When it comes to
taking a cruise, your spending doesn't end when you've
booked the trip. Lots of cruise-related expenses have
the potential to bust your budget, from the flight to
your embarkation point to drinks on the cruise to shore
excursions. So-called add-on expenses can equal or exceed
the cost of your cruise if you're not careful.
"The trend is for some cruise lines
to offer relatively low prices to get people on the
ship and then hit them with cash fees for little expenses
here and there that after a week can really add up,"
says Eileen Entin, owner of Diamond Cruise and Travel
in Hightstown, N.J.
Jeffrey Miller, an attorney and cruise
industry consultant, agrees, saying, "Everything
on the ship is a profit center for the cruise line,
so it's up to you to keep your expenses in check."
keep your spending under control, follow these
|Save when cruising
Book your own flight.
Most cruises offer a complete
package including airfare to and from your home city.
While such a package offers the convenience of not having
to book your own flight or worry about how to get from
the airport to the cruise ship, that convenience comes
at a cost.
"Cruise lines buy their airfare packages
in bulk from the airlines a year in advance so the price
you get through the cruise line doesn't vary throughout
the year like normal airline pricing does," says
Evan Eggers, president of SureCruise.com.
"Sometimes the prices are lower than the open market,
but for someone keeping a good eye on airfares and checking
the discount sites it will generally be higher."
If you book your own flight, leave a big
cushion between when your flight arrives in your port
city and when the cruise actually embarks so you can
get to the ship.

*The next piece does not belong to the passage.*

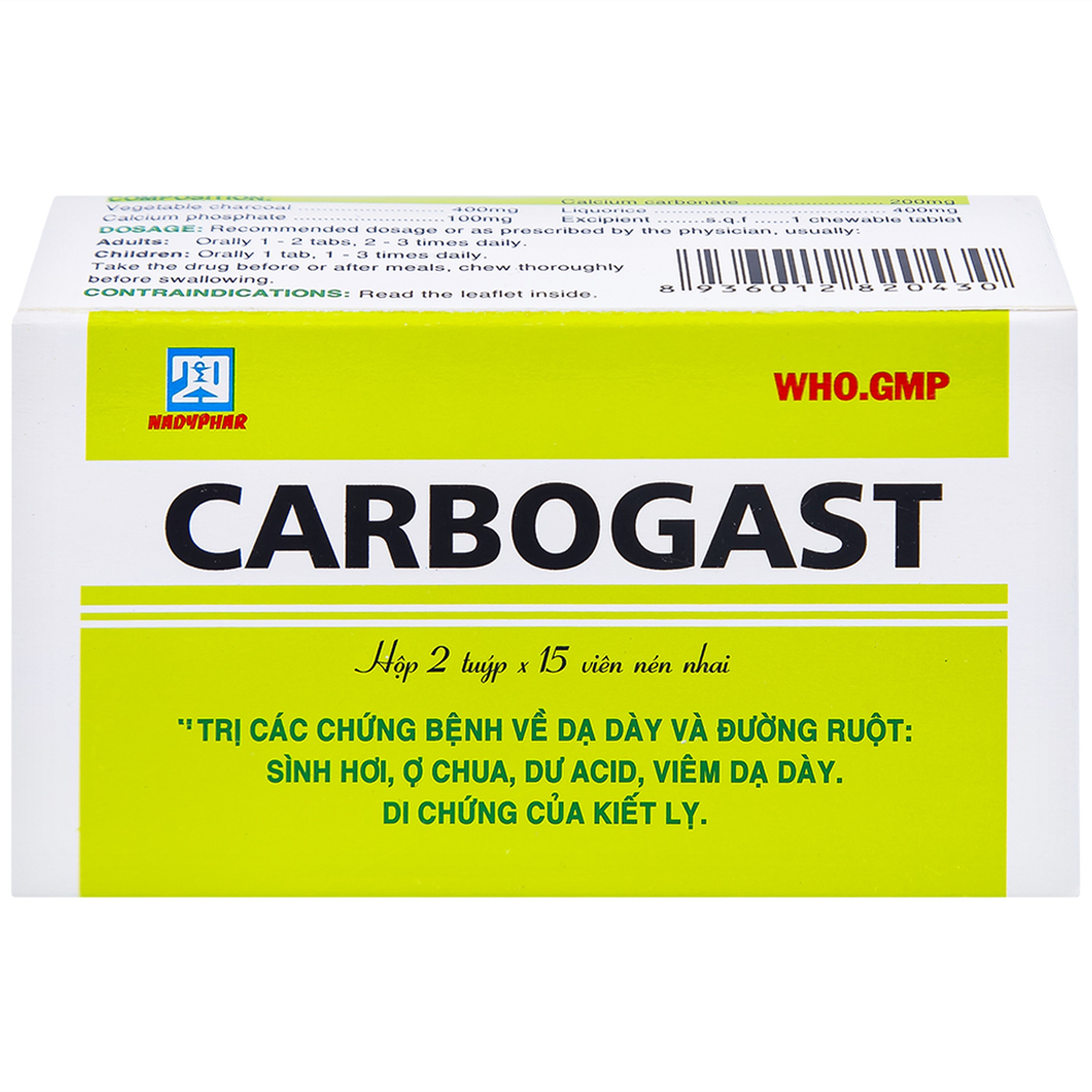 Viên nhai Carbogast Nadyphar điều trị bệnh dạ dày và đường ruột, di chứng của kiết lỵ (2 tuýp x 15 viên) 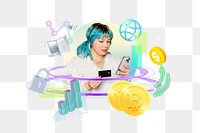 Woman  png using credit card, cryptocurrency 3D remix, transparent background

In some locales, such as Fort Lauderdale,
Fla., the port is a quick ride from the airport. But
in other places, such as Southampton, England, the airport
is a good two hours away from the port, Eggers says.
The cost of the taxi or shuttle
ride from the airport to the port is included in cruise-line
booked fares, but if you book your own flight, you have
to factor in that cost both ways. There is also the
risk that if your flight is delayed for some reason,
you may miss your embarkation.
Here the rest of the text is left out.